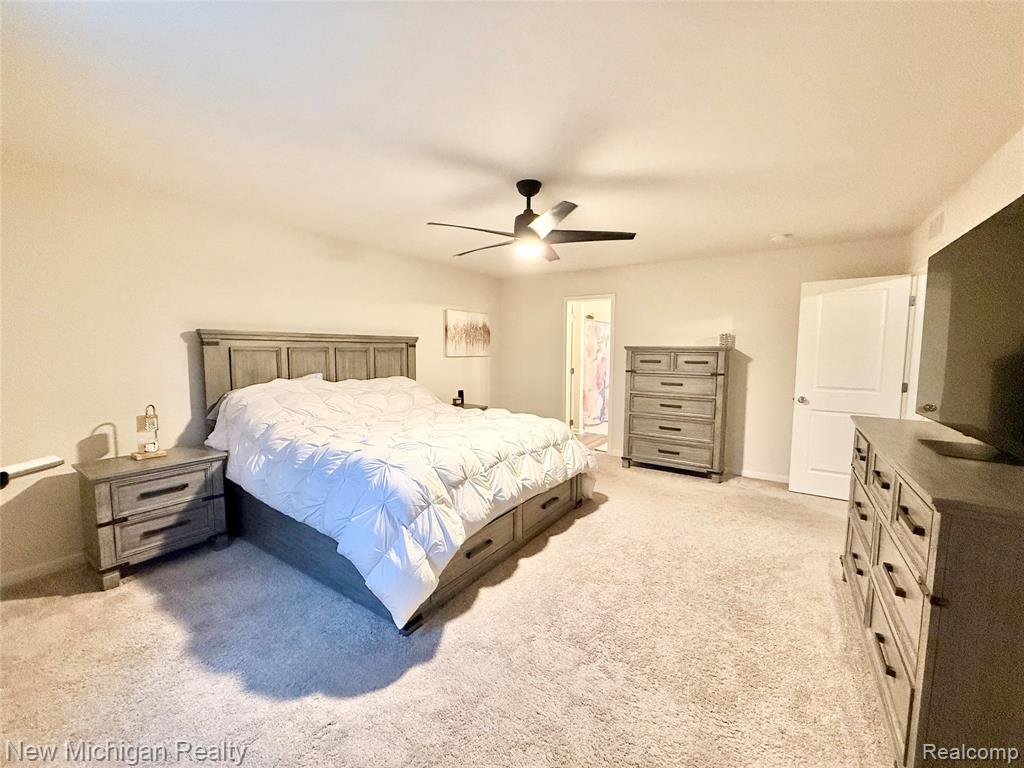 6079 Regency Drive, Burton, MI 48519 — Photo 24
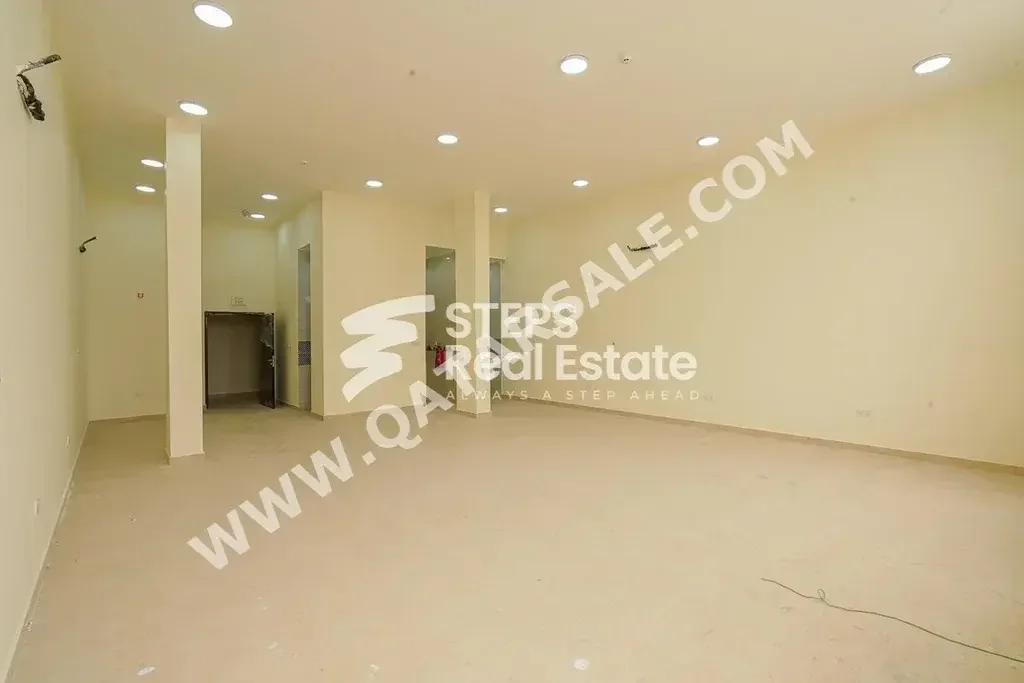 Commercial Offices - Not Furnished  - Al Wakrah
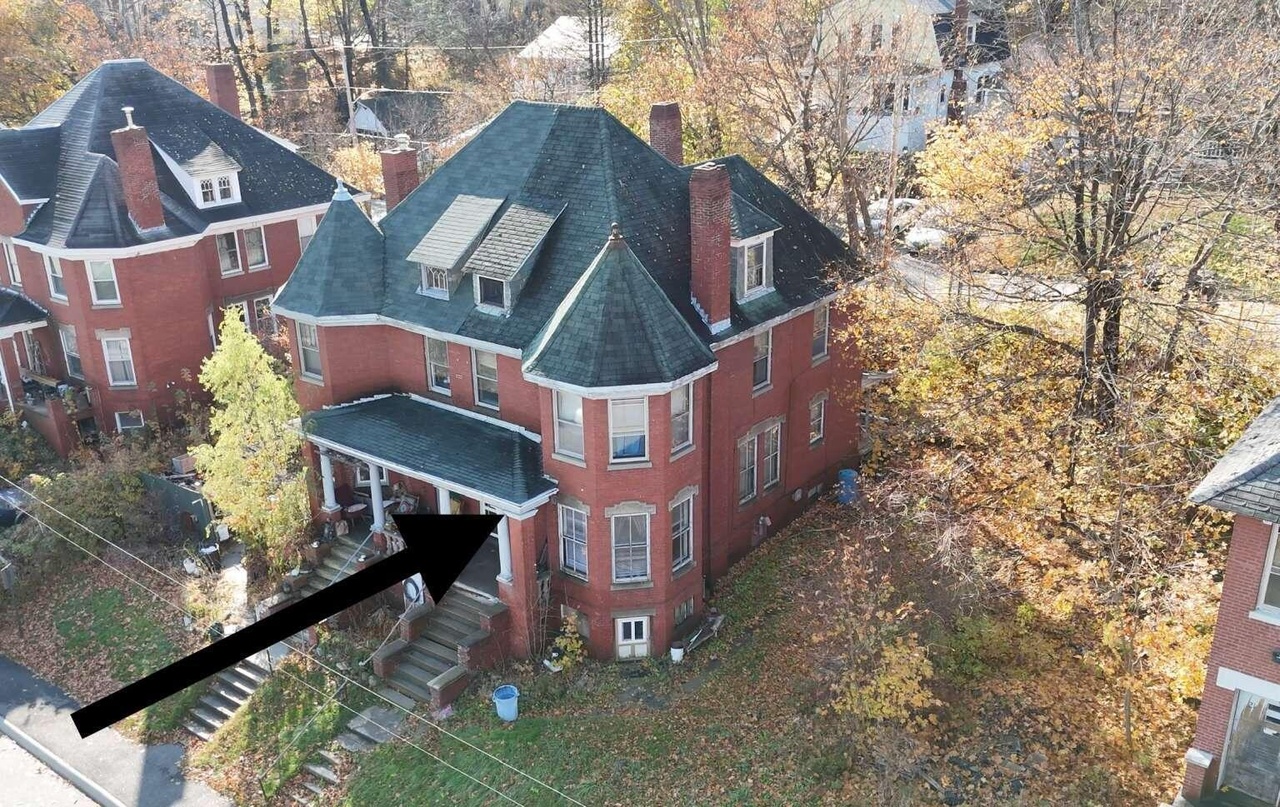 19 Urquhart St, Rumford, ME 04276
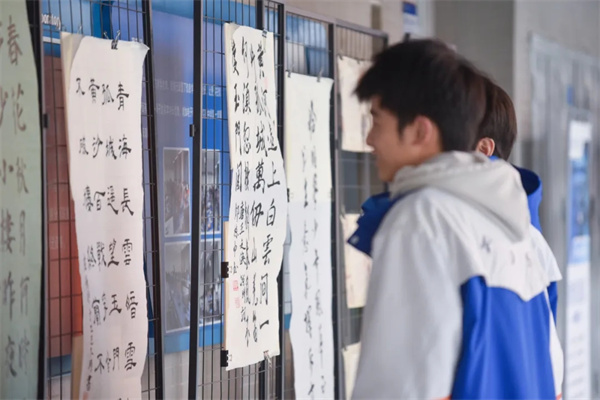 一笔写尽千年文心,科大实验学子三十米书法长卷惊艳众人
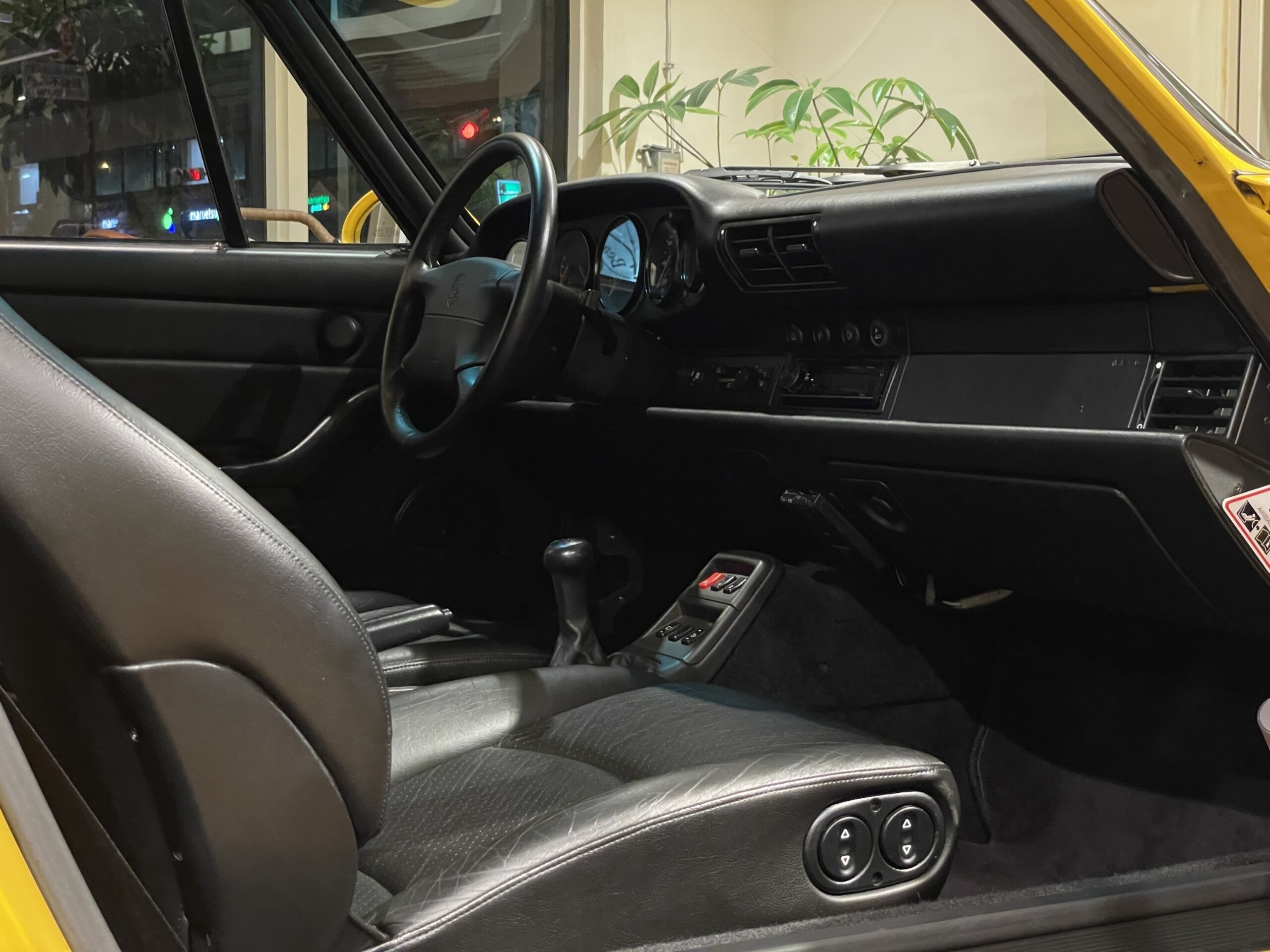 1996 Porsche 911 Carrera — Photo 12 / 18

━━━━

**Task item:**
Reproduce every record above exactly as given, excluding pictures from the result.

**Response:**
 6079 Regency Drive, Burton, MI 48519 — Photo 24
 Commercial Offices - Not Furnished  - Al Wakrah
 19 Urquhart St, Rumford, ME 04276
 一笔写尽千年文心,科大实验学子三十米书法长卷惊艳众人
 1996 Porsche 911 Carrera — Photo 12 / 18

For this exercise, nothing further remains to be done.